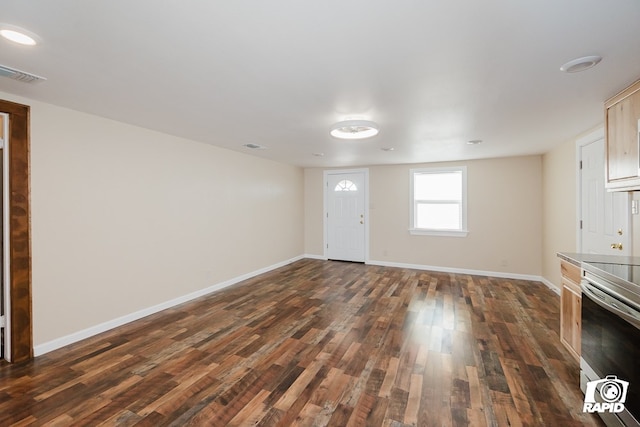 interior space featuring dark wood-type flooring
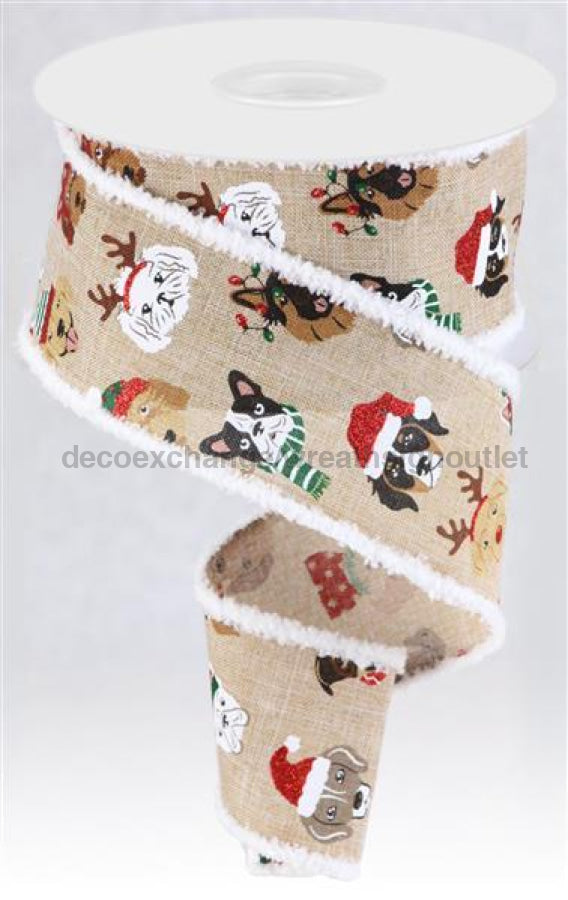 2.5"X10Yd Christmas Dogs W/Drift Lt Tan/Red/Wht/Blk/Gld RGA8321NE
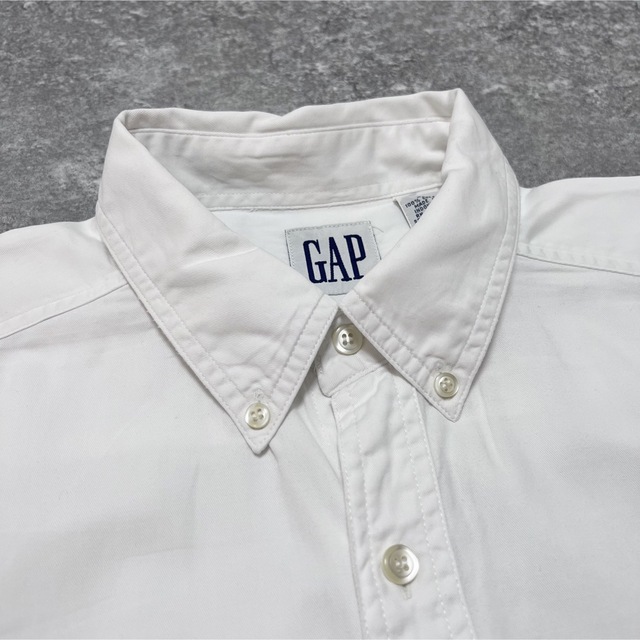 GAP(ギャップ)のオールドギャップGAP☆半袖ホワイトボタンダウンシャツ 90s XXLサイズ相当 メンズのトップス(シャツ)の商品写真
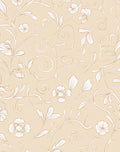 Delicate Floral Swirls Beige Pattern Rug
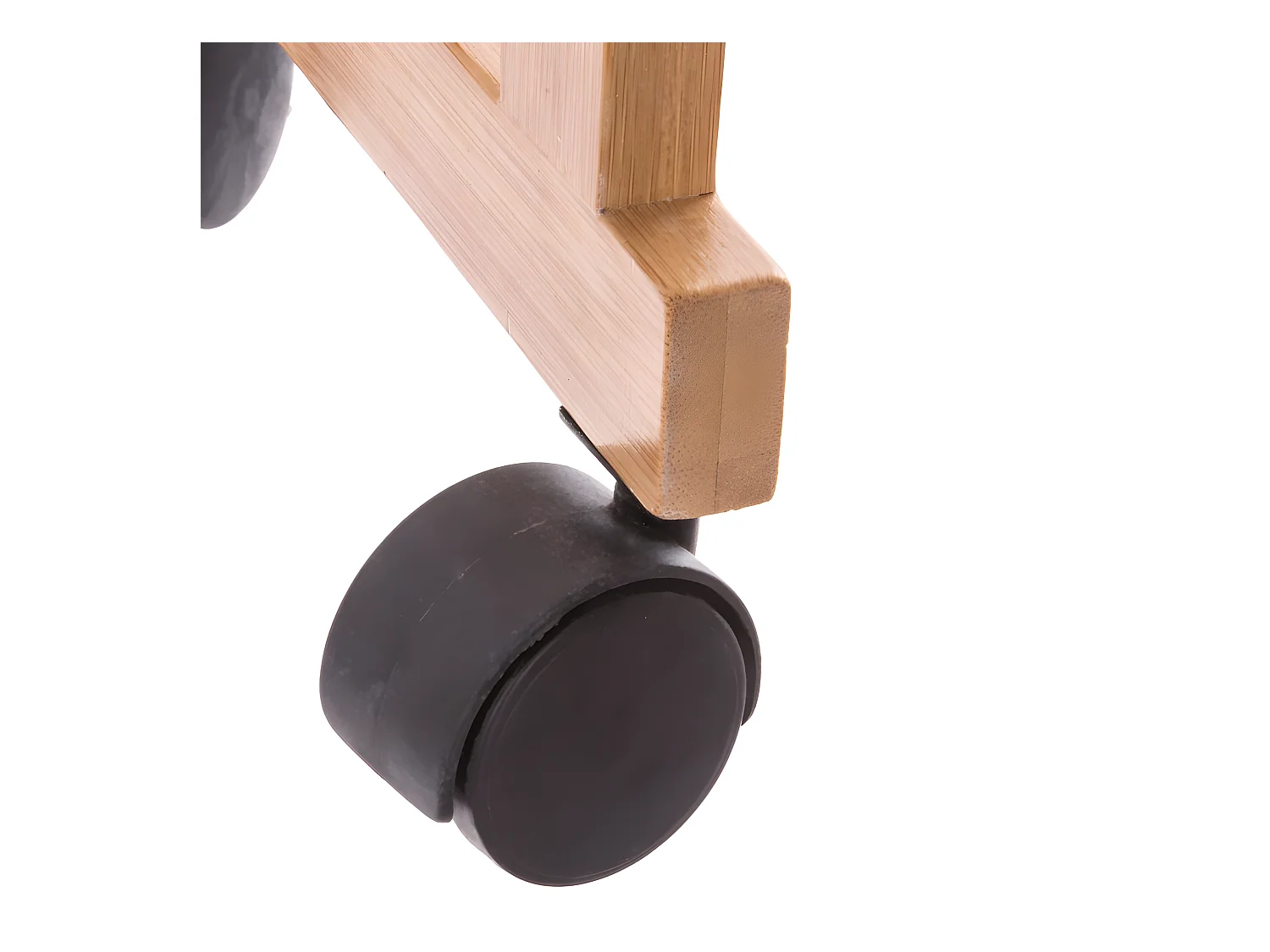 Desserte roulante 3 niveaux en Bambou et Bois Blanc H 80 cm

· · ·

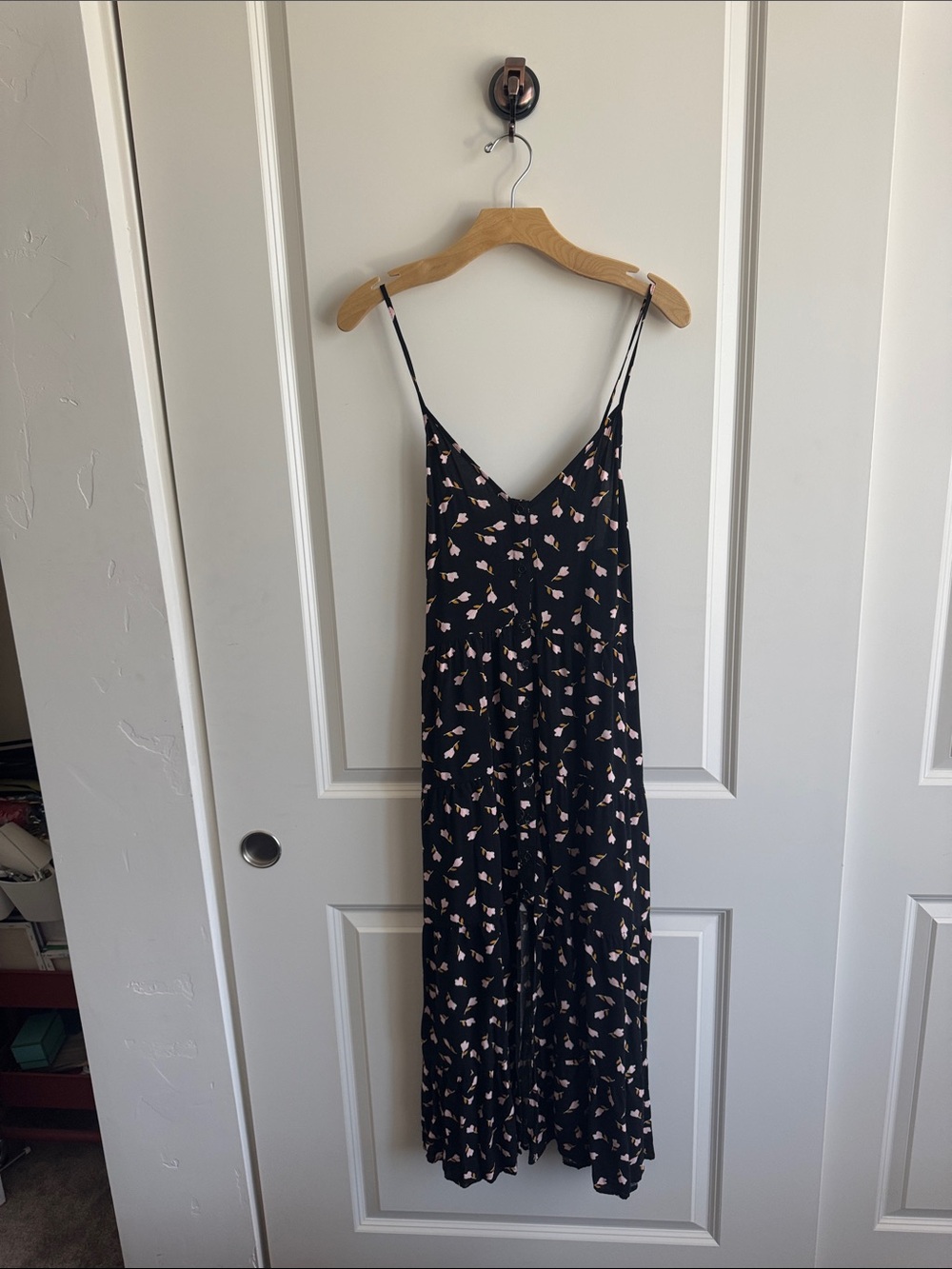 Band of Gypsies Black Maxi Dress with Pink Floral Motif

· · ·

__Aim of the exercise__.
Using the data above, copy exactly the lines from the one containing "interior space featuring" to the one containing "Desserte roulante 3", inclusive. Exclude the pictures.

__Task answer__.
 interior space featuring dark wood-type flooring
 2.5"X10Yd Christmas Dogs W/Drift Lt Tan/Red/Wht/Blk/Gld RGA8321NE
 GAP(ギャップ)のオールドギャップGAP☆半袖ホワイトボタンダウンシャツ 90s XXLサイズ相当 メンズのトップス(シャツ)の商品写真
 Delicate Floral Swirls Beige Pattern Rug
 Desserte roulante 3 niveaux en Bambou et Bois Blanc H 80 cm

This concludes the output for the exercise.